Arrest. Prime suspect.The words hit Tyler like ice water.

“I’m a suspect?” Tyler’s voice came out harder than he intended. “How do you figure?”

“We need you to come to the station for questioning,” Adam said, ignoring the question entirely.

“Am I under arrest?”

“Not yet. But you are expected to cooperate.”

Tyler could feel Brooke watching him, could sense her fear mixing with his own. He turned to face her.

Her eyes were wide, her hands still clasped together. She stood frozen by the couch, like she didn’t know whether to move closer or back away.

“I didn’t do this,” Tyler said. The words sounded hollow and desperate even to his own ears.

Brooke nodded, but something flickered across her face—uncertainty and doubt, a question she wasn’t asking out loud but that he could see as clearly as if she’d spoken it.

Was she doubting him? After everything they’d said to each other while snuggling on the couch? After the kissing, the promises, the choice to trust each other?

The thought made his chest ache worse than any accusation Adam could level.

“I have to go with them,” Tyler said quietly, forcing his voice to stay even. “I’ll call you.
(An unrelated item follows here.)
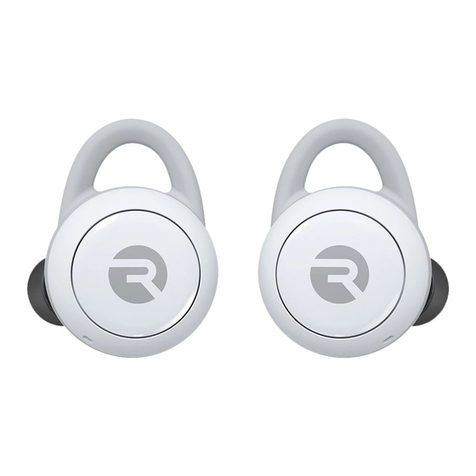 Raycon E100 Eardrums user guide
Okay?”

“Okay.” But she didn’t meet his eyes. She looked at the floor, at the deputies, anywhere but at him.

Her refusal to meet his eyes hurt more than Adam’s smug look, more than the deputies standing next to him like it was already over, more than being named a prime suspect.

Brooke’s doubt cut deeper than anything else could.

Tyler grabbed his jacket from where he’d left it on Gina’s chair and followed the deputies out. The mid-September air was cool against his face. He climbed into the back of Adam’s patrol vehicle, the back door closing with a hollow thunk that sounded too much like a cell door.

The drive to the station was silent except for the crackle of the police radio and the hum of tires on pavement, giving Tyler time to turn everything over in his head. None of it made sense.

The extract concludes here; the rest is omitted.